Starting at the line that contains "Neevoyu 18'li Spor", write out every line through the end of the records below exactly as it appears, and leave out all pictures.

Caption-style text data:
════════════════════

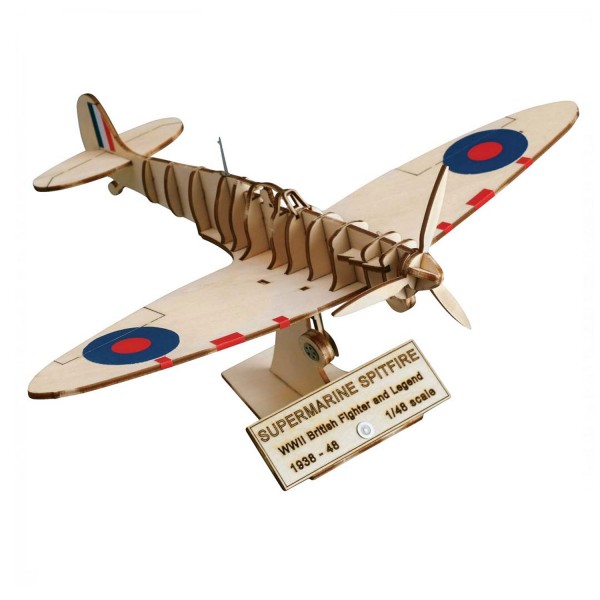 Maquette avion en bois Art & Wood : Spitfire Supermarine Battle of England - Artesania-30215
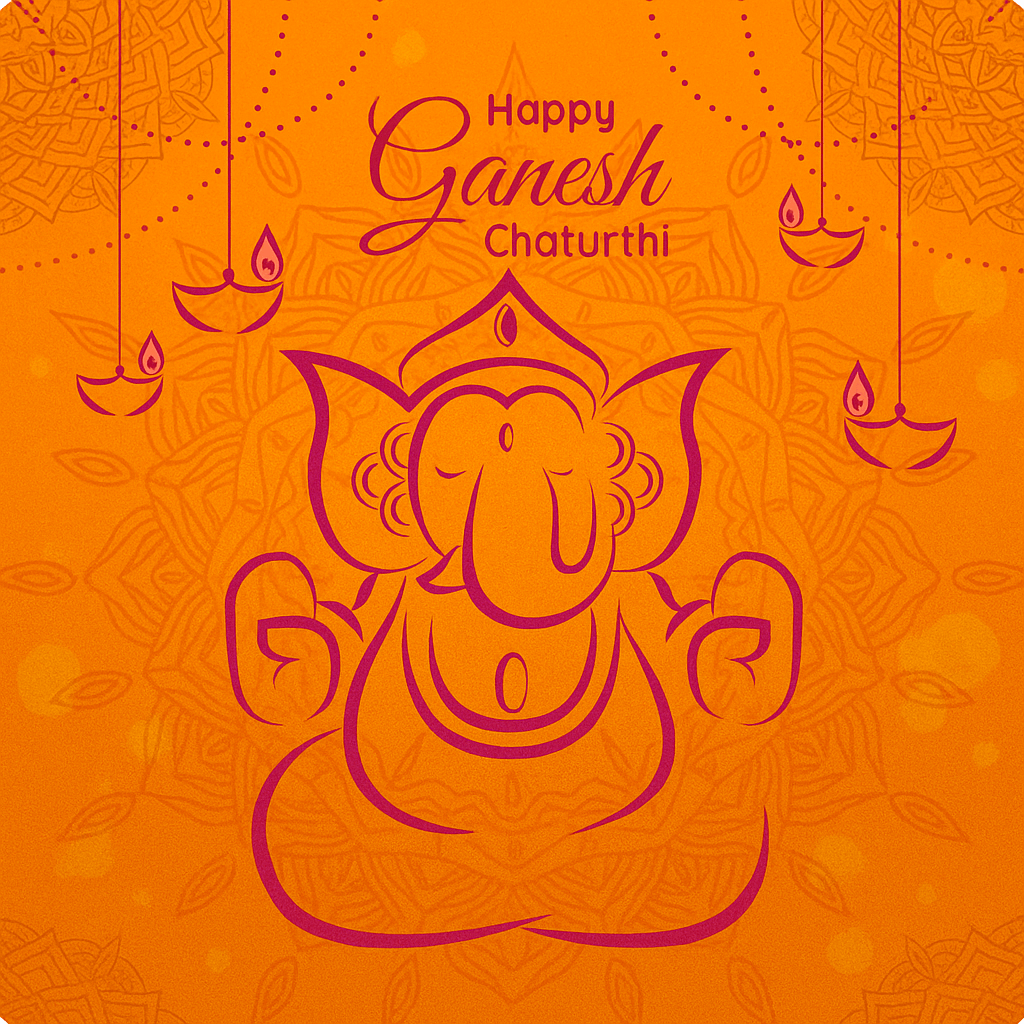 Happy Ganesh Chaturthi Celebration with Decorative Artwork of Lord Ganesha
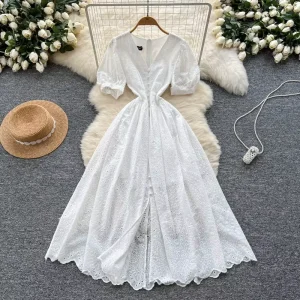French Fairy White Dresses Women’s Summer V-neck Bubble Sleeves Waist Embroidered Holiday Long Vestidos
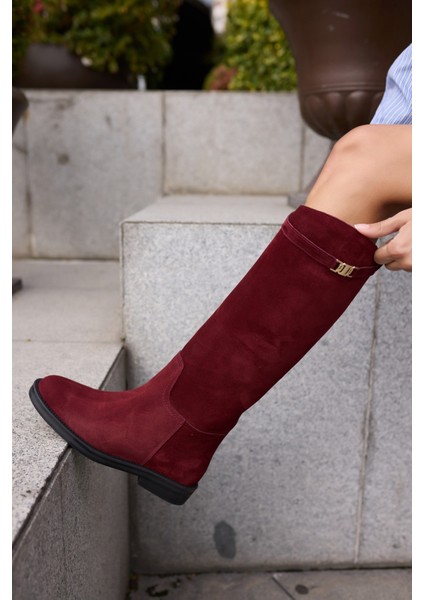 Ocean Kadın Siyah Gercek Deri Toka Detay Binici Çizme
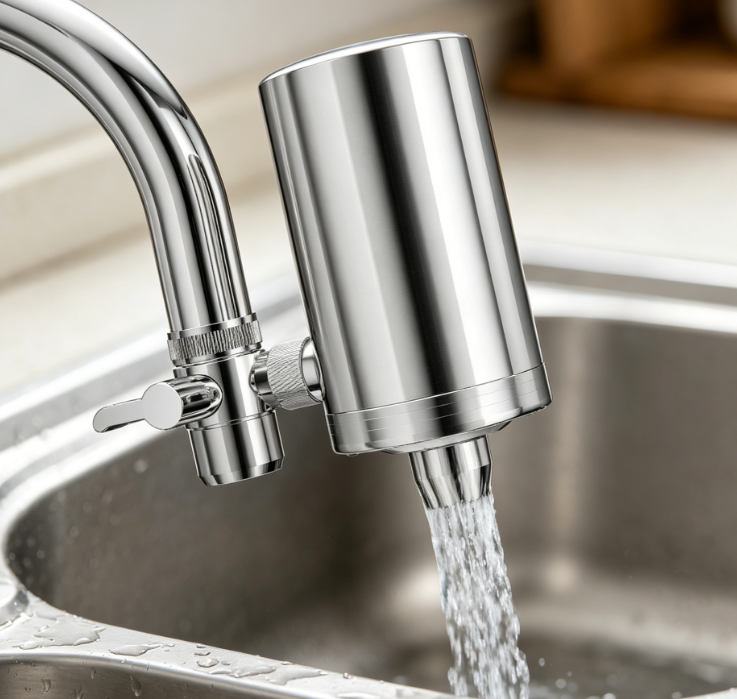Stainless Steel Faucet Filter | Dual-Outlet, 360° Rotatable Design | Purifies Water Quality | Removes Odors and Harmful Impurities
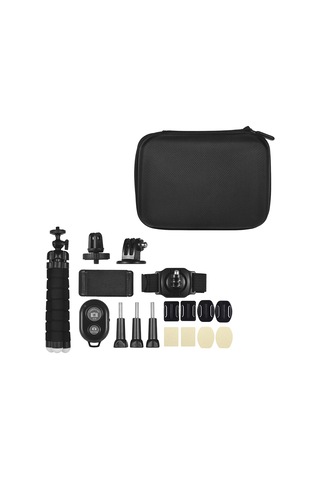 Neevoyu 18'li Spor Kamera Aksesuar Seti: Gopro Hero6/5, Xiaomi Yi Uyumlu - 360 Dönen Mini Top Kafa, Telefon Klipli, Bluetooth Kumanda Ve Sünger Tripod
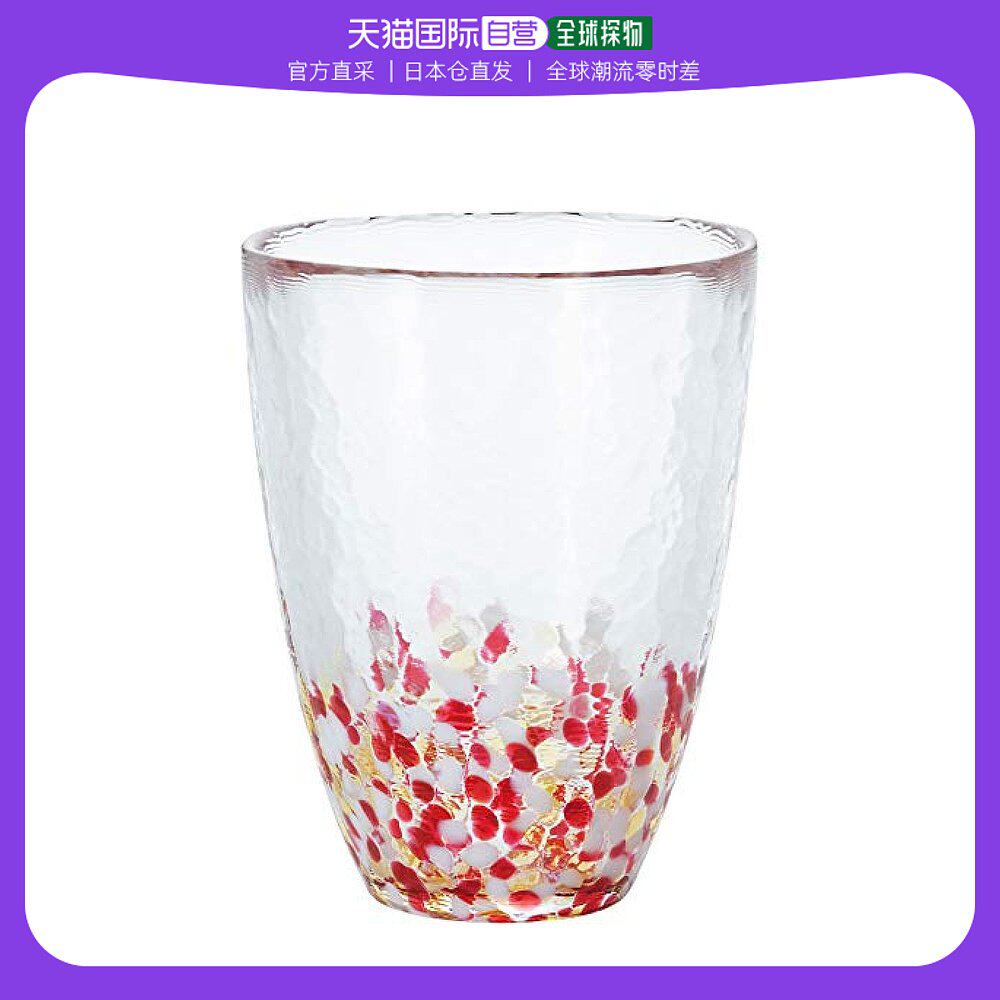 【日本直邮】aderia津轻玻璃杯自然苹果色红300ml日本制 f-71245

════════════════════

Exercise result:
 Neevoyu 18'li Spor Kamera Aksesuar Seti: Gopro Hero6/5, Xiaomi Yi Uyumlu - 360 Dönen Mini Top Kafa, Telefon Klipli, Bluetooth Kumanda Ve Sünger Tripod
 【日本直邮】aderia津轻玻璃杯自然苹果色红300ml日本制 f-71245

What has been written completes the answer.